I am using Cg to generate vertex and fragment programs.
I must say NVIDIA did great job. The code is exceptionally well optimized. It is hard to find a place to modify that results in performance gain in ShaderPerf tool.

You can maybe lower the number of instructions but in the end the performance reported by NVShaderPerf tool is the same.

This I did not know. I tried beating my pascal compiler (don’t really like C/C++; it’s good enough for my work but for my private projects I’d rather use a language I like) by creating the SSE code myself and failed miserably.[/QUOTE]

Alignment plays a part, although I have not seen particularly massive increases between using aligned and unaligned x86 commands.

There are also times when standard (non-packed) commands work out quicker. gcc will compile four successive float adds as just that, and even inline aligned blocks of asm and data using vector adds will not beat it on my Core Duo. HADDPS is another command that can be beaten with four instructions of unpacked shift and adds.

But even with a function call overhead doing vector Floors, or vector Cubics and so on you can beat an inlined c function by a factor of 3 I have found.

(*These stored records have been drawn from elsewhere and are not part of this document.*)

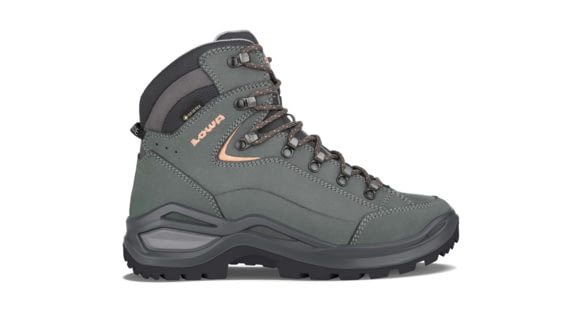 Lowa Renegade Evo GTX Mid Hiking Shoes - Women's, Wide, Graphite/Apricot, 6, 197827012269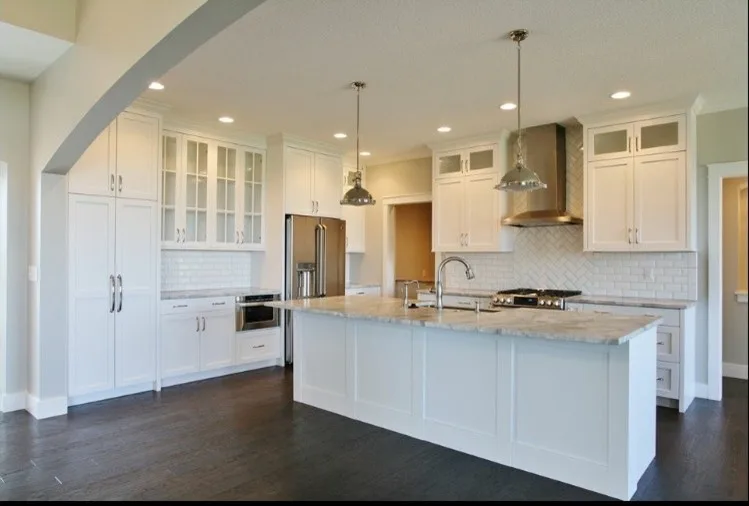 White Kitchen Cabinet Revamp by Finishing Touch Custom Woodworks, Inc. - Photo 27
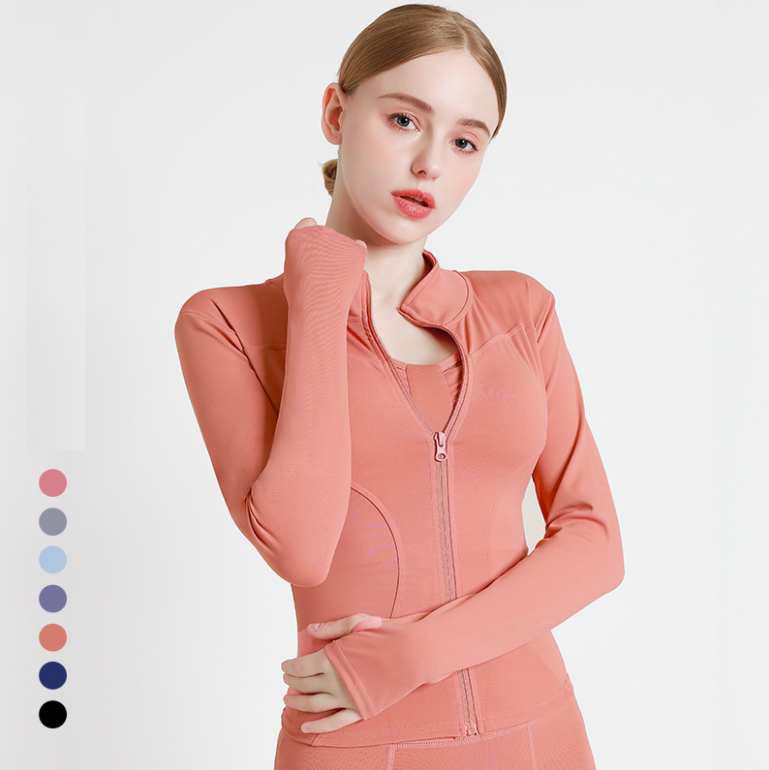 New Style Autumn Lady Fitness Wear Sports Coat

You do need to benchmark, and yes offsets to data, page switches etc. can all affect it. So it’s something to do once a library or project is nearing completion so you can splice things together neatly.

The golden rule is to get data into the CPU as quickly and efficiently as possible, and then do lots of internal instructions, then get it back out as quickly and efficiently as possible. Although even then there are strange pitfalls. I have found that moving 4 floats on occasion can be quicker than moving one float out of a 4 wide register! Go figure!

Then when you think you have it all under control you learn about register and memory clobbering!

Any routine I write I benchmark against my best C++ over billions of iterations, and try both inline and function versions, and also change it’s location and context within the benchmark app. But for a 50% increase in the speed of your math library it is certainly worth it.

Bears out what I was saying above.
Again, I will look at asm for the GPU once my shaders are complete. I would not want to prototype in asm there. c is much easier for that.